I'm also not sold on moving where we allocate the buffer allocation
as done in this patch because:

> +static int
> +xfs_buf_insert(
> +	struct xfs_buftarg	*btp,
> +	struct xfs_buf_map	*map,
> +	int			nmaps,
> +	xfs_buf_flags_t		flags,
> +	struct xfs_perag	*pag,
> +	struct xfs_buf		**bpp)
> +{
> +	int			error;
> +	struct xfs_buf		*bp;
> +
> +	error = _xfs_buf_alloc(btp, map, nmaps, flags, &bp);
> +	if (error)
> +		return error;
> +
> +	/*
> +	 * For buffers that fit entirely within a single page, first attempt to
> +	 * allocate the memory from the heap to minimise memory usage. If we
> +	 * can't get heap memory for these small buffers, we fall back to using
> +	 * the page allocator.
> +	 */
> +	if (BBTOB(bp->b_length) >= PAGE_SIZE ||
> +	    xfs_buf_alloc_kmem(bp, flags) < 0) {
> +		error = xfs_buf_alloc_pages(bp, flags);
> +		if (error)
> +			goto out_free_buf;
> +	}
> +
> +	/* the buffer keeps the perag reference until it is freed */
> +	bp->b_pag = pag;
> +
> +	spin_lock(&pag->pag_buf_lock);
> +	*bpp = rhashtable_lookup_get_insert_fast(&pag->pag_buf_hash,
> +			&bp->b_rhash_head, xfs_buf_hash_params);
> +	if (IS_ERR(*bpp)) {
> +		error = PTR_ERR(*bpp);
> +		goto out_unlock;
> +	}
> +	if (*bpp) {
> +		/* found an existing buffer */
> +		atomic_inc(&(*bpp)->b_hold);
> +		error = -EEXIST;
> +		goto out_unlock;
> +	}
> +	spin_unlock(&pag->pag_buf_lock);
> +	*bpp = bp;
> +	return 0;

The return cases of this function end up being a bit of a mess.
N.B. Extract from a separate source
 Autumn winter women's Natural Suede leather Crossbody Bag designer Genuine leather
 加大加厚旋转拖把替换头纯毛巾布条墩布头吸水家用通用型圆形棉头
We can return:

 - error = 0 and a locked buffer in *bpp
 - error = -EEXIST and an unlocked buffer in *bpp
 - error != 0 and a modified *bpp pointer
 - error != 0 and an unmodified *bpp pointer

So we end up with a bunch of logic here to separate out the return
cases into different error values, then have to add logic to the
caller to handle the different return cases.

And if we look at the new caller:

> +	if (unlikely(!bp)) {
> +		if (flags & XBF_NOALLOC) {
> +			XFS_STATS_INC(mp, xb_miss_locked);
> +			xfs_perag_put(pag);
> +			return -ENOENT;
> +		}
> +
> +		error = xfs_buf_insert(btp, map, nmaps, flags, pag, &bp);
> +		if (!error)
> +			goto finish;
> +		if (error != -EEXIST) {
> +			xfs_perag_put(pag);
> +			return error;
> +		}
> +	}
>  	xfs_perag_put(pag);

	<lock the buffer>

It took me quite some time to realise this wasn't buggy - it looks
for all the world like the "!error" case here fails to lock the
buffer and leaks the perag reference. It isn't at all clear that the
new buffer is inserted locked into the hash and that it steals the
callers perag reference, whilst the -EEXIST case does neither yet
still returns a buffer.

Hence while I like the idea of changing up how we allocate the
buffer on lookup failure, I'm not sold on this interface yet. Hence
I think splitting the rhashtable insert optimisation from the
allocation rework might help clean this up more.

Cheers,

Dave.
-- 
Dave Chinner
david@xxxxxxxxxxxxx